The St Austell participants recognised the constituency as having been a yellow stronghold (“the Lib Dems are all over the place”) and many had previously voted Lib Dem because of good local MPs. Stephen Gilbert? “David Penhaligon”. Most thought Mr Gilbert had stepped into the tradition of standing up for the area: “the pasty tax, he sorted that out. They wanted to charge you extra for a pasty!” But they knew things were tight this time, with Steve Double, the Conservative candidate and former Mayor also enjoying a good reputation and a high profile, supported campaign visits from senior figures: “The Conservatives have thrown quite a lot of money at it. They’ve all been down here.” Interestingly, the Lib Dem literature was making a virtue of the closeness of the race: “There was a weird thing on the leaflet – it had the odds on him winning and said he wasn’t the favourite, so he was saying ‘I need your vote’.”
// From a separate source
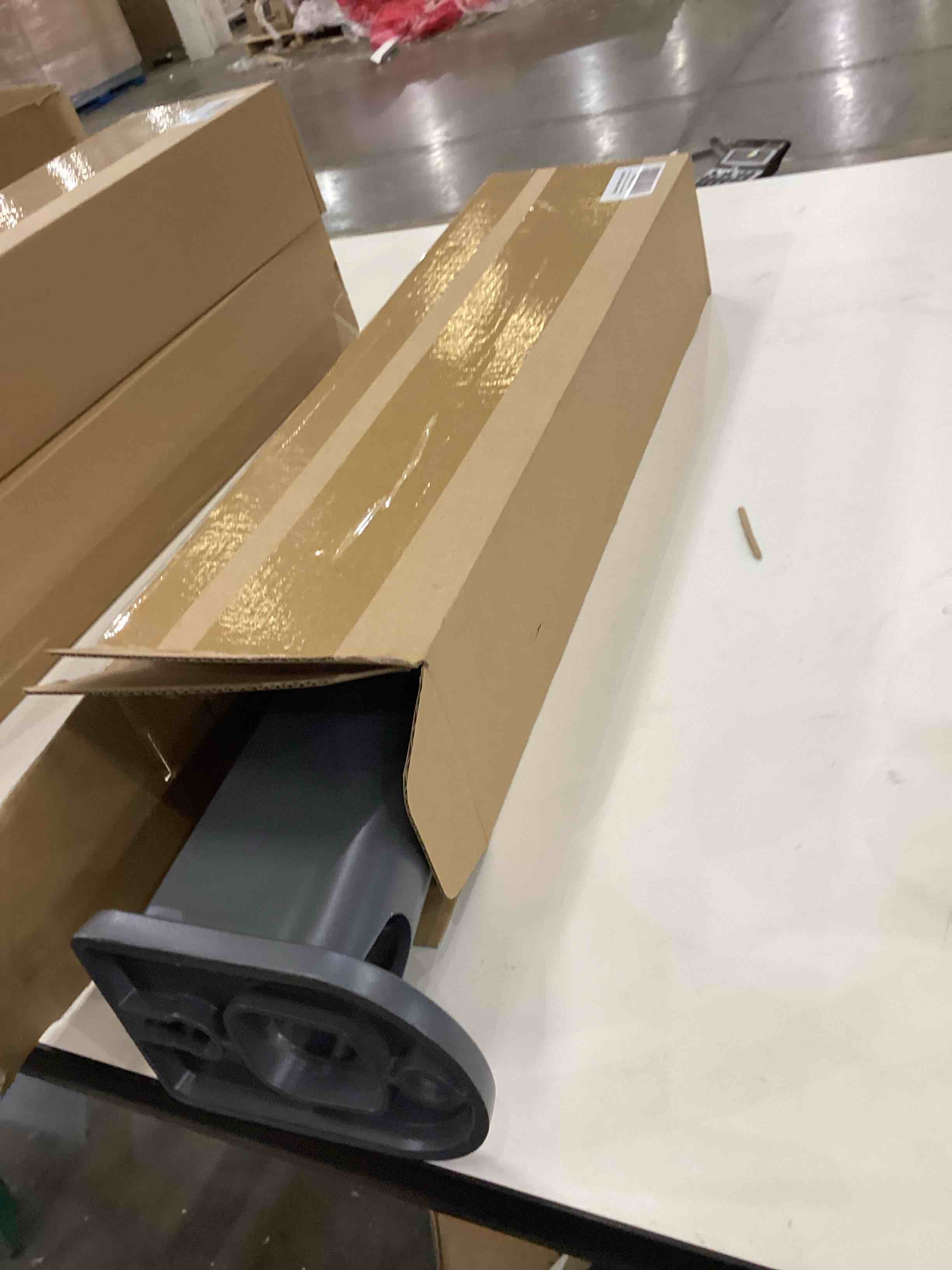 https://s3.amazonaws.com/lotting-images-prod/bidfta/PNK2370124_1754662724078.jpeg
For most of the Cornwall participants, local factors tended to pull people towards the Lib Dems and national factors towards the Conservatives (“I’ve decided the Tories are the only people who can run the country efficiently”), with some exceptions: “I’d like to vote Labour every time, so here I vote Lib Dem to keep the Tories out.”
Over the Tamar, one prominent national issue, Trident, was also a big local one. Any suggestion that Labour might not be completely committed to a full replacement sounded dangerous: “I’ve already changed from Labour because he wants to get rid of the defence. I work on the V-boats”.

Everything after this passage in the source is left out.